Custom Serializers in Apache Kafka – Apache Kafka中的自定义序列化器

最后修改: 2021年 8月 26日

中文/混合/英文(键盘快捷键:t)

1. Introduction

1.绪论

During the transmission of messages in Apache Kafka, the client and server agree on the use of a common syntactic format. Apache Kafka brings default converters (such as String and Long) but also supports custom serializers for specific use cases. In this tutorial, we’ll see how to implement them.

在Apache Kafka的消息传输过程中,客户端和服务器同意使用一个通用的语法格式。Apache Kafka带来了默认的转换器(如StringLong),但也支持为特定的使用情况定制串行器。在本教程中,我们将看到如何实现它们。

2. Serializers in Apache Kafka

2.Apache Kafka中的序列化器

Serialization is the process of converting objects into bytes. Deserialization is the inverse process — converting a stream of bytes into an object. In a nutshell, it transforms the content into readable and interpretable information.

序列化是将对象转换为字节的过程。反序列化是一个相反的过程–将字节流转换为对象。简而言之,它将内容转换为可读和可解释的信息

As we mentioned, Apache Kafka provides default serializers for several basic types, and it allows us to implement custom serializers:

正如我们所提到的,Apache Kafka为几种基本类型提供了默认的序列化器,并且它允许我们实现自定义的序列化器。

 

The figure above shows the process of sending messages to a Kafka topic through the network. In this process, the custom serializer converts the object into bytes before the producer sends the message to the topic. Similarly, it also shows how the deserializer transforms back the bytes into the object for the consumer to properly process it.

上图显示了通过网络向Kafka主题发送消息的过程。在这个过程中,在生产者将消息发送到主题之前,自定义序列化器将对象转换为字节。同样地,它也显示了反序列化器是如何将字节转回给消费者进行正确处理的。

2.1. Custom Serializers

2.1.自定义序列化器

Apache Kafka provides a pre-built serializer and deserializer for several basic types:

Apache Kafka为几种基本类型提供了一个预建的序列化器和反序列化器。

But it also offers the capability to implement custom (de)serializers. In order to serialize our own objects, we’ll implement the Serializer interface. Similarly, to create a custom deserializer, we’ll implement the Deserializer interface.

但它也提供了实现自定义(去)序列化器的能力。为了序列化我们自己的对象,我们将实现序列化器 接口。同样,为了创建一个自定义的反序列化器,我们将实现反序列化器 接口。
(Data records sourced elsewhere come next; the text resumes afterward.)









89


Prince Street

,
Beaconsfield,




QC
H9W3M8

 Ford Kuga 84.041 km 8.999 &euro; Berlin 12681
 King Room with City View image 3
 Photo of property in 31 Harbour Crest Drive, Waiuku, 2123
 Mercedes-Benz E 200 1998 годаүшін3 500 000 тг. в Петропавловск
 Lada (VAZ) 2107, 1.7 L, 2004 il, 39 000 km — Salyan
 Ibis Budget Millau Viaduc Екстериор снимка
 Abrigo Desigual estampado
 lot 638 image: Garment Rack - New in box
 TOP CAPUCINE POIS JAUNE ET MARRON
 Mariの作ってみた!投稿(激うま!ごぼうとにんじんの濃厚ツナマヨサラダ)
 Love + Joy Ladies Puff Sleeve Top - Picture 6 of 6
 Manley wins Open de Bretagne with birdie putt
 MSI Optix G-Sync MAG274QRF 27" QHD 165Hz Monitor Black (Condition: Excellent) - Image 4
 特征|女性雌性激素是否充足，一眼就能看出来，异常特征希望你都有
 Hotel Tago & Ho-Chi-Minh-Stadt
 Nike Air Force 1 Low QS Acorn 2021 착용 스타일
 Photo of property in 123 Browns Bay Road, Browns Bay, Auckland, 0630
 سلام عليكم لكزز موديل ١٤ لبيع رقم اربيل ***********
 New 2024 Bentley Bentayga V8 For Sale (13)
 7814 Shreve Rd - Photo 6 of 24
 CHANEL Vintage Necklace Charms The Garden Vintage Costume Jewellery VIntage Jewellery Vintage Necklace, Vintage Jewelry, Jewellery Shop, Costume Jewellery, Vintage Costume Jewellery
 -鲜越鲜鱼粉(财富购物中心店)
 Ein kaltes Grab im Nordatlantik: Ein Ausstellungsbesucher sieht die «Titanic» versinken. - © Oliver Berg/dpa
There are there methods available to override for both interfaces:

这两个接口都有可用的方法可以重写。

  • configure: used to implement configuration details
  • serialize/deserialize: These methods include the actual implementation of our custom serialization and deserialization.
  • close: use this method to close the Kafka session

3. Implementing Custom Serializers in Apache Kafka

3.在Apache Kafka中实现自定义序列化器

Apache Kafka provides the capability of customizing the serializers. It’s possible to implement specific converters not only for the message value but also for the key.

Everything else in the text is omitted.